SpVgg ASCO Königsberg
- Full name: Spielvereinigung Akademischer Sportclub Ostpreußen e.V. Königsberg
- Founded: 1919; 107 years ago
- Dissolved: 1945; 81 years ago
- Ground: Hammerteich-Sportplatz
| Home colours | Away colours |

= SpVgg ASCO Königsberg =

German football club

SpVgg ASCO Königsberg was a German association football club from the city of Königsberg, East Prussia (now Kaliningrad, Russia). The club was formed in 1919 out of the merger of Sportclub Ostpreußen 1902 Königsberg and Akademischer Sportclub Königsberg. It played at the Hammerteich-Sportplatz in Ratshof.

==History==
===Sportclub Ostpreußen 1902 Königsberg===
Predecessor Ostpreußen was formed 1 August 1902, by former Königsberg FC player Alfred Hirsch and seven of his teammates. The club selected colors and a crest based on symbols of the province: a black eagle on a white background. They were based in the district of Maraunenhof and played their earliest matches against their former parent side, but always came out as losers in those contests. By 1904, several members of the new club had in turn moved on to form Sportzirkel Samland.

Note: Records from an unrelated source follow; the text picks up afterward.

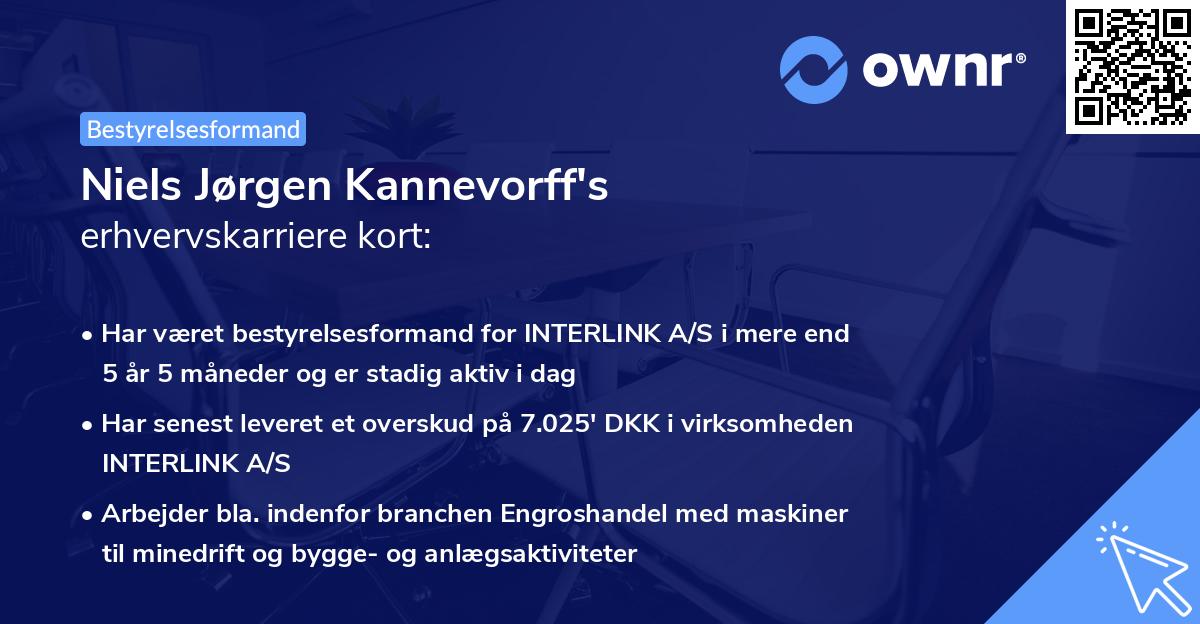 Niels Jørgen Kannevorff's erhvervskarriere kort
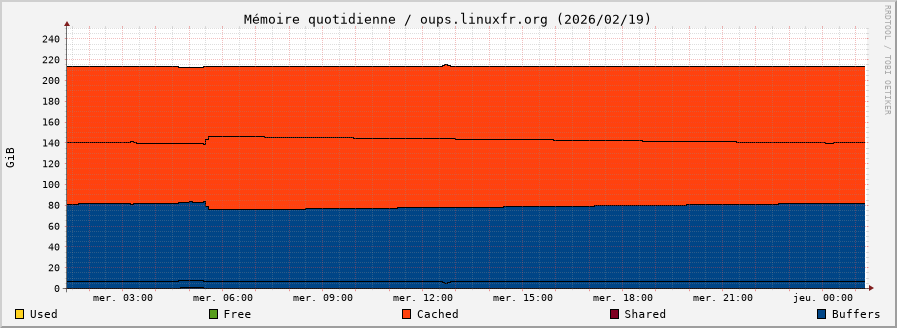 Mémoire quotidienne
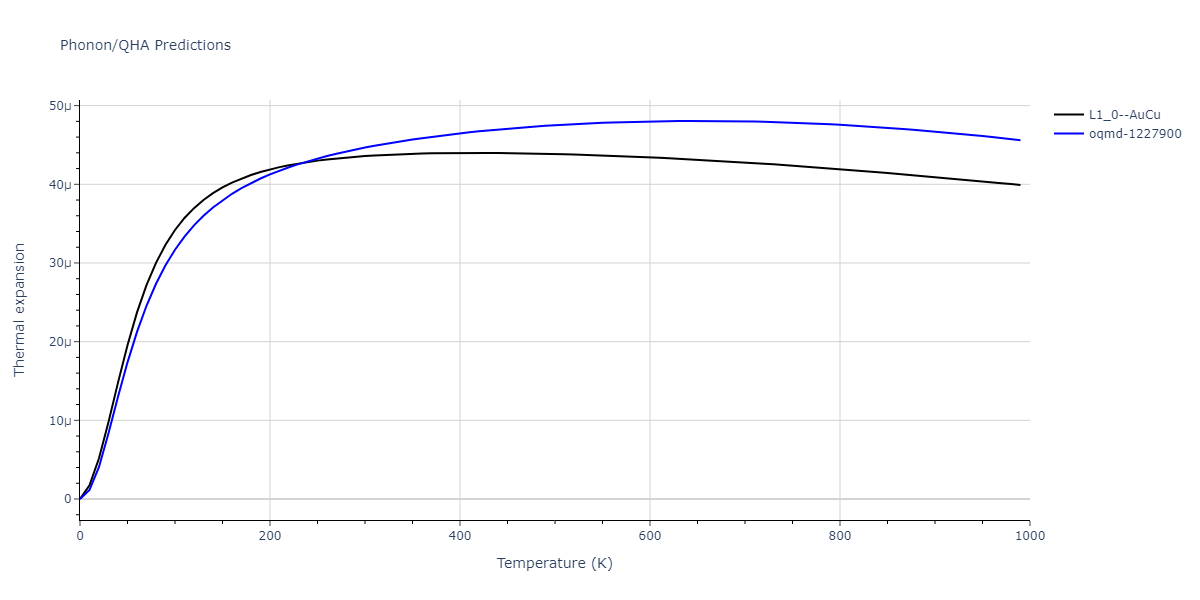 2009--Wu-H-H--Cu-Ag--LAMMPS--ipr1/phonon.AgCu.alpha.png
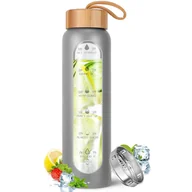 Shakery i bidony sportowe - Butelka motywacyjna z miarką na wodę napoje szklana 1L, bidon 1000ml - miniaturka - grafika 1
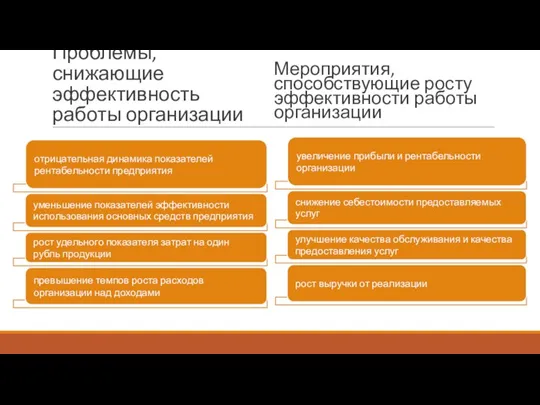 Проблемы, снижающие эффективность работы организации Мероприятия, способствующие росту эффективности работы организации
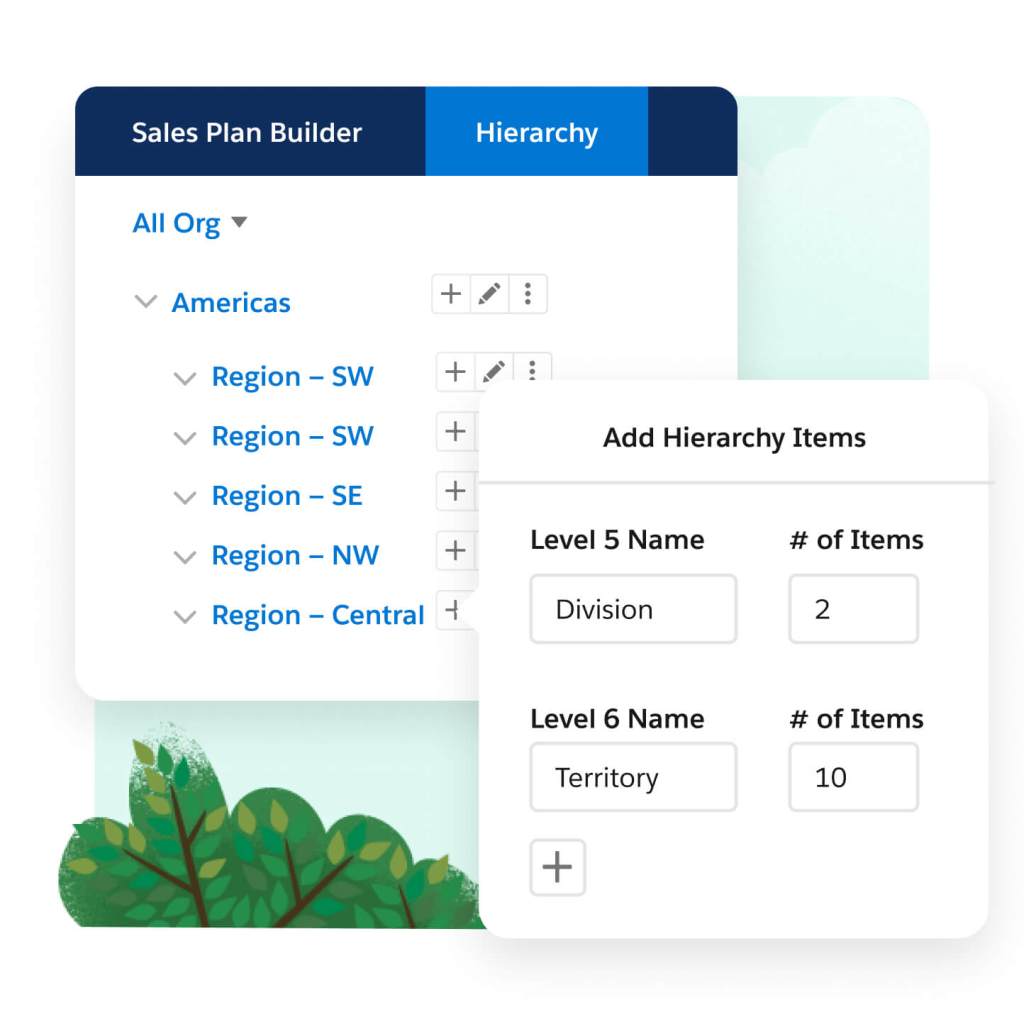 A sales plan builder window shows an orgs hierarchy in the Americas by region with a pop out that adds hierarchy items.  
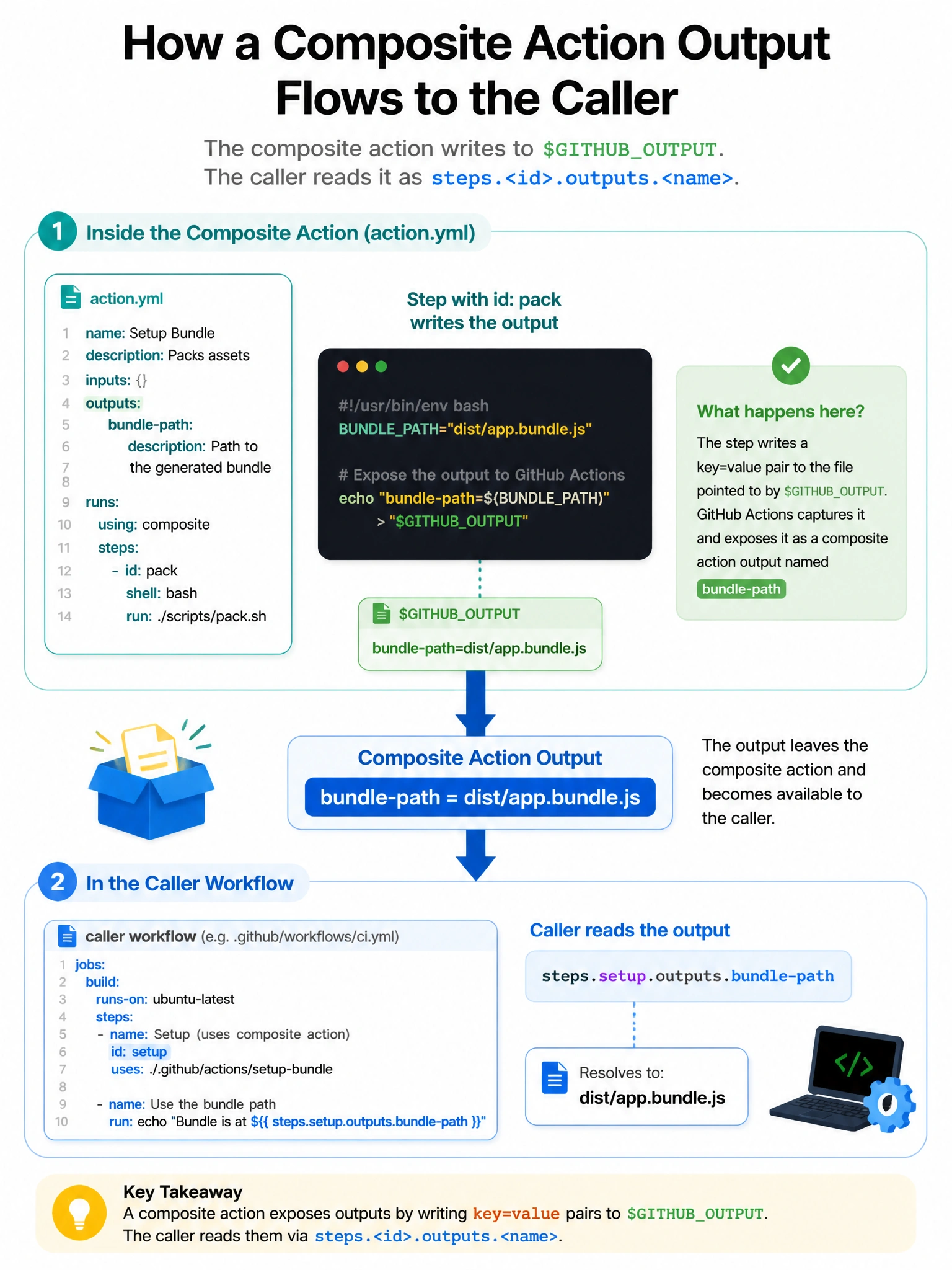 Portrait infographic: composite action.yml outputs.bundle-path arrow from step id pack writing GITHUBOUTPUT; caller step reads steps.setup.outputs.bundle-path. 1536x2048.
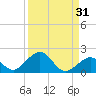 Channel Five West tide chart for Thursday, August 31, 2023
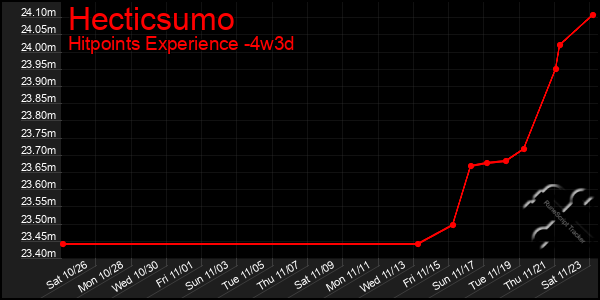 Last 31 Days Graph of Hecticsumo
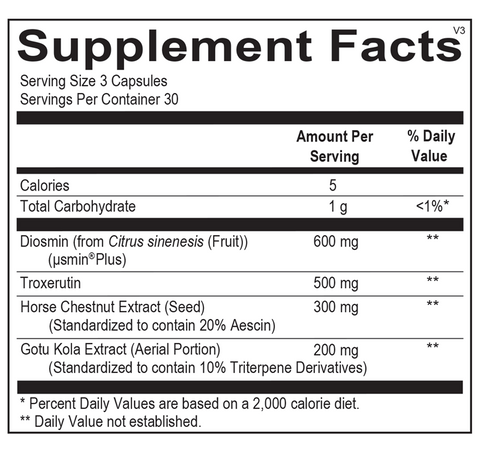 Dr. Lisa O's Cardiovascular Support: Daily Heart Health Helper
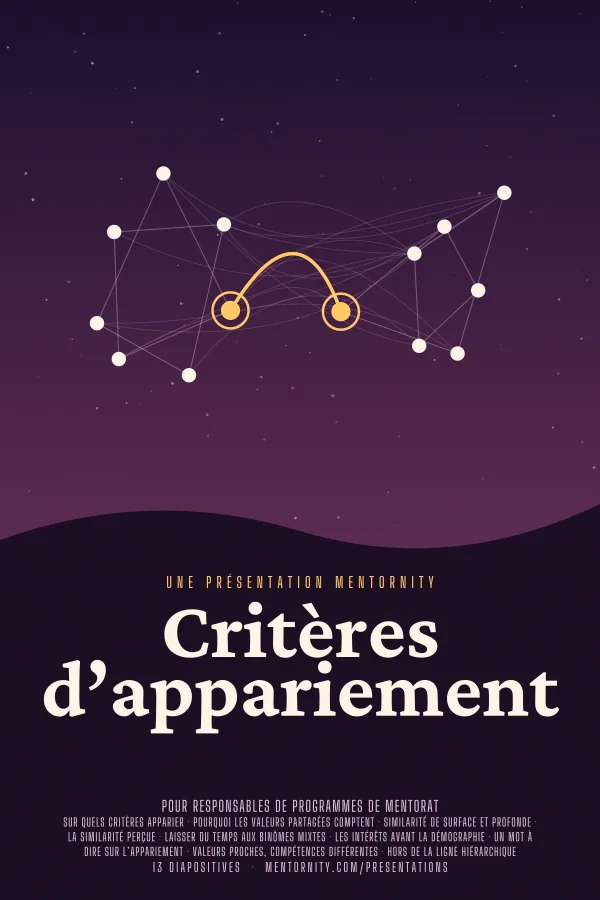 Affiche de film de la présentation Critères d’appariement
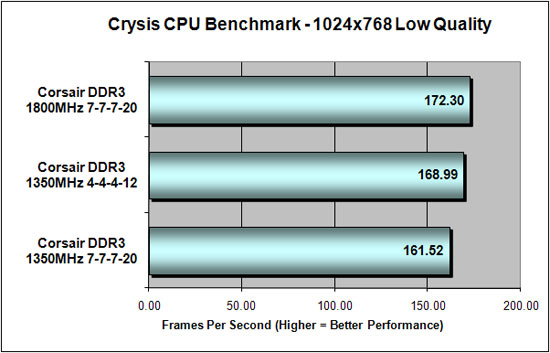 Crysis Benchmark Results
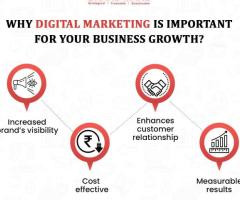 ROI driven digital marketing agency in Pune | Brand Make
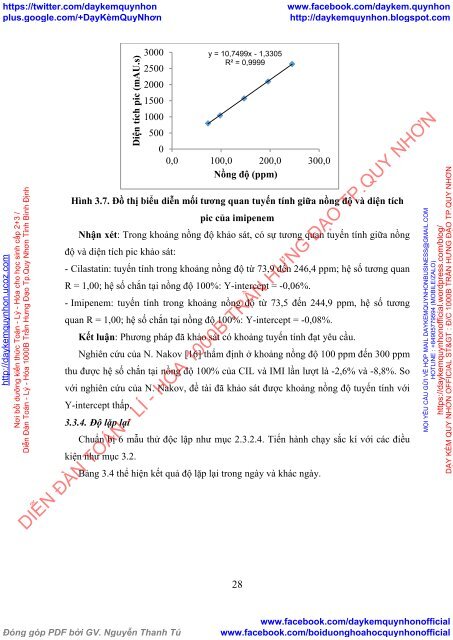 Xây dựng phương pháp phân tích imipenem và cilastatin trong thuốc tiêm bằng sắc kí lỏng tương tác thân nước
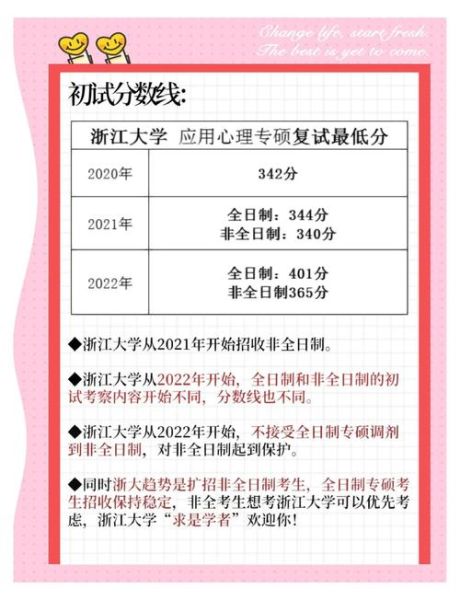 浙江大学心理学系怎么样_就业前景如何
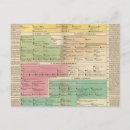 Search for royal family postcards Empire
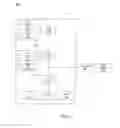 Fig. 02 - Configuring power management functionality in a processor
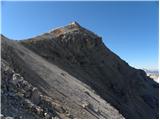 Rifugio Dibona - Tofana di Dentro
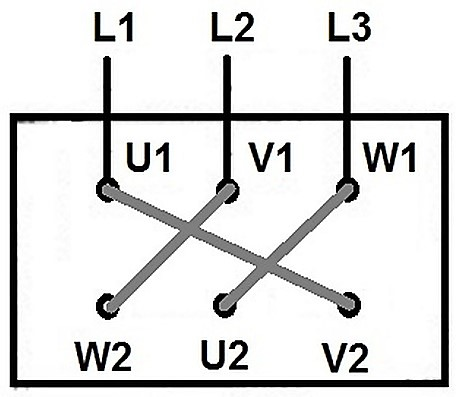 Ilustracja do odpowiedzi D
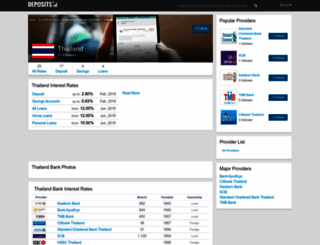 thailand.deposits.org screenshot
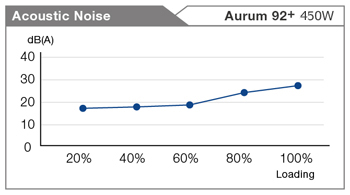 FSP AURUM 92+ SERIES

On 3 September 1904, SCO was a founding member of the city-based Verbandes Königsberger Ballspiel-Vereine and Hirsch served as the new league's first secretary. The following year the club formed an ice hockey department. Future partner Akademischer Sportclub Königsberg was established in April and the two clubs quickly struck up a friendly relationship, agreeing to share training facilities. SCO shared similarly friendly relations with other clubs, including SV 05 Elbing, organized by former Ostpreußen member Paul Unruh, while SC Prussia Insterburg was regarded as a sister club. SCO marked its first ever win over longtime rival FC, now playing as VfB Königsberg, in 1913 (3–1).

During World War I, the club's sporting activities were suspended and its sports field requisitioned by the military as a training area. SCO had considerable debt at the end of the war and the club's existence was in question. It was decided to merge with ASC at a meeting held 20 June 1919.

===Akademischer Sportclub Königsberg===
ASC was established on 15 April 1905 by students of Albertina University and grew quickly with departments for athletics, gymnastics, swimming, rowing, and several other sports. By 1906, the club was sharing sports facilities with SCO and later developed a similar relationship with SV Prussia-Samland Königsberg. In the following years, ASC was very active in organizing sporting events in the city.

===Spielvereinigung Akademischer Sportclub Ostpreußen Königsberg===
Following the merger, the combined side remained active in several sports. The footballers of ASCO played three seasons (1936–38) in the Bezirk Königsberg, a division of the Gauliga Ostpreußen, one of Germany's top-flight regional leagues. SpVgg earned successively poorer results in each campaign and was finally relegated in 1938 with the reorganization of the Gauliga the next season.

The club's sporting activities were again suspended due to war when Königsberg was subject to bombing beginning in August 1944. ASCO disappeared in 1945 following the end of World War II when the city was annexed by the Soviet Union and renamed Kaliningrad. However, the tradition of the club was carried on in West Germany with Traditionsgemeinschaft der Leichtathleten aus den deutschen Ostgebieten, an organization established by refugees from the country's former German territories in Central and Eastern Europe.